Marking the Initiation of a Distinctive Orthogonal Drilling Initiative

Collective Mining has officially announced initial assay results for the first of a planned series involving orthogonally drilled holes that, on their part, are designed to test the potential of newly modeled broad and high-grade subzones within the Apollo system.

To give you some context, the company presently has four drill rigs operating as part of its fully funded and on-schedule 40,000-metre drilling program for 2024. Beyond that, a fully funded 60,000-metre drill program is already planned for 2025 which, by the way, will also be the largest drilling campaign in the history of Collective Mining.

Anyway, talk about the published assay results on a slightly deeper level, we begin from how they reveal 534.40 metres @ 2.70 g/t gold equivalent from 107.10 metres. This includes 150.55 metres @ 6.16 g/t gold equivalent from 107.10 metres

Next up, we must dig into how these results claim that the drilled hole. Named APC104-D1, brings the largest grade accumulation intercepted to date at Apollo, reporting 1,440 g/t gold equivalent on a gram x meter basis. For better understanding, we must acknowledge that grade accumulation in APC104-D1 at 1,440 g/t gold equivalent is almost 38% higher than the average of 1,055 g/t gold equivalent for the prior fourteenth grade accumulation intercepts at over 1,000 g/t gold equivalent drilled by the company.

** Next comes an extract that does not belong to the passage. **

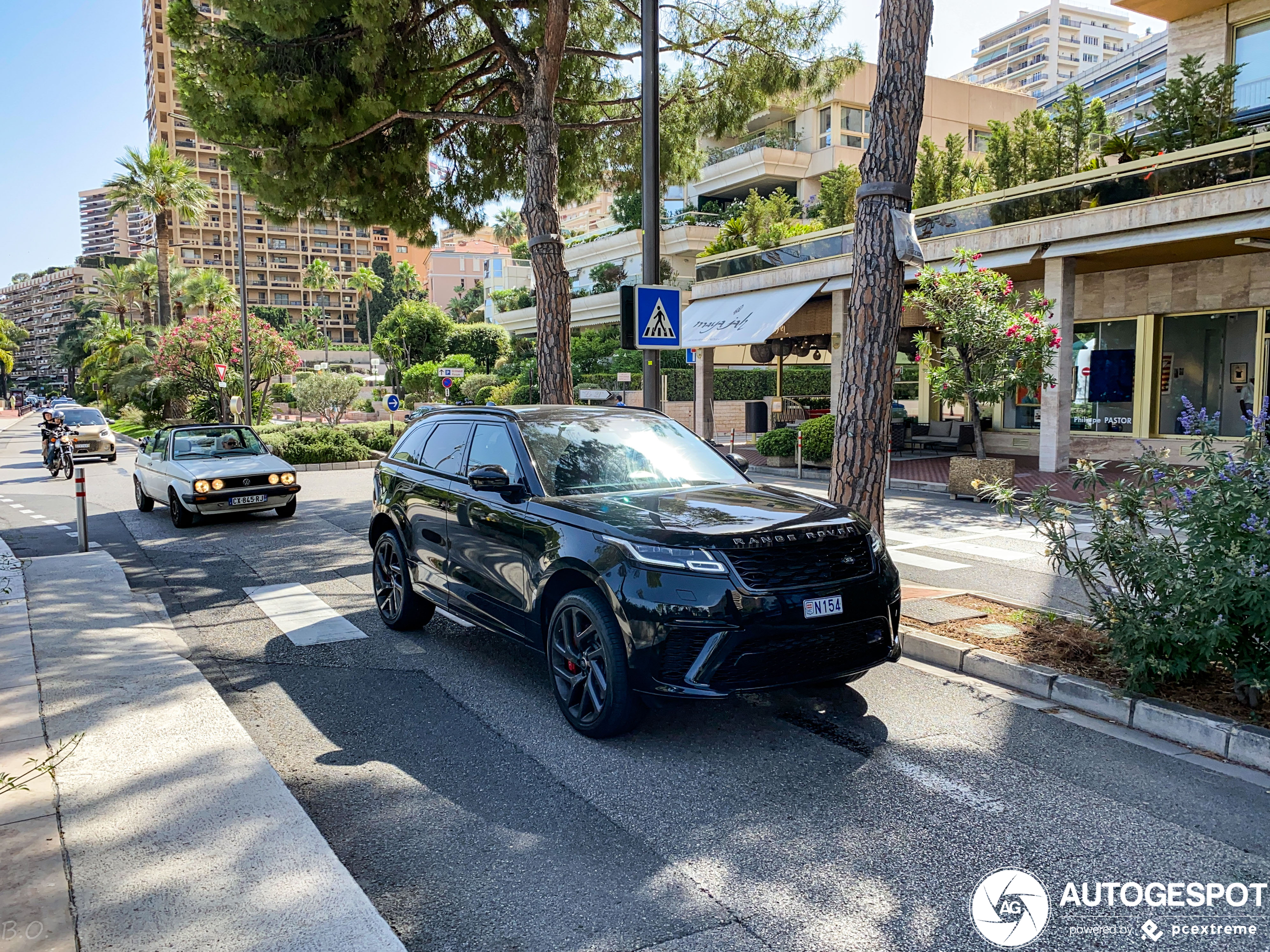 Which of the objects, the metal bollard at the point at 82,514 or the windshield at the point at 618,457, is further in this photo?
the metal bollard at the point at 82,514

Not just largest, but APC104-D1 is also the first hole within a newly designed large drilling program, which is geared towards defining and extending the high-grade subzones to depth at Apollo. In case that wasn’t enough, then you ought to know that even the visual logging of recently completed drill holes i.e. APC104-D2 and APC104-D3 indicate that both holes have intersected the same styles of mineralization and sulphide levels as reported in APC104-D1.

“Internal deposit modeling led to the realization that most of the prior drilling from the south was not directly orthogonally across the system and that we should start drilling from the northern side of Apollo in a southerly pattern. As a result, drill Pad17 was constructed, and the hypothesis was tested with hole APC104-D1. 2025 is going to be an exciting year for the Company as we focus drilling on chasing laterally and vertically both the high-grade subzones and Ramp Zone as part of our fully funded, 60,000-metre drill program,” said Ari Sussman, Executive Chairman at Collective Mining.

Moving on, Collective Mining would go on to reveal how high-grade intercepts within Apollo have now been sparsely drilled from surface down to 1,150 metres below surface. The deepest intercept here would be the recent discovery of Ramp Zone which returned an intercept of 57.65 metres @ 8.18 g/t gold equivalent.

Ramp Zone happens to be located close in elevation to the conceptual underground haulage tunnel for a future mine at the Guayabales Project. It also shares a fair few geological characteristics with Aris Mining’s multi-million-ounce Marmato Deeps deposit located only 1.75 kilometres southeast of Apollo. Currently, the drilling at the Ramp Zone is ongoing, with assay results anticipated in early Q1, 2025.

Beyond that, Collective Mining’s latest report also revealed that broad mineralized interval of APC104-D1 has expanded the Apollo system southwestwards by 30 metres. Complementing the same would be how a new zone of mineralization located outside of the breccia body in country rock showcased 20.10 metres @ 1.23 g/t gold equivalent and bottomed in mineralization at the end of the hole.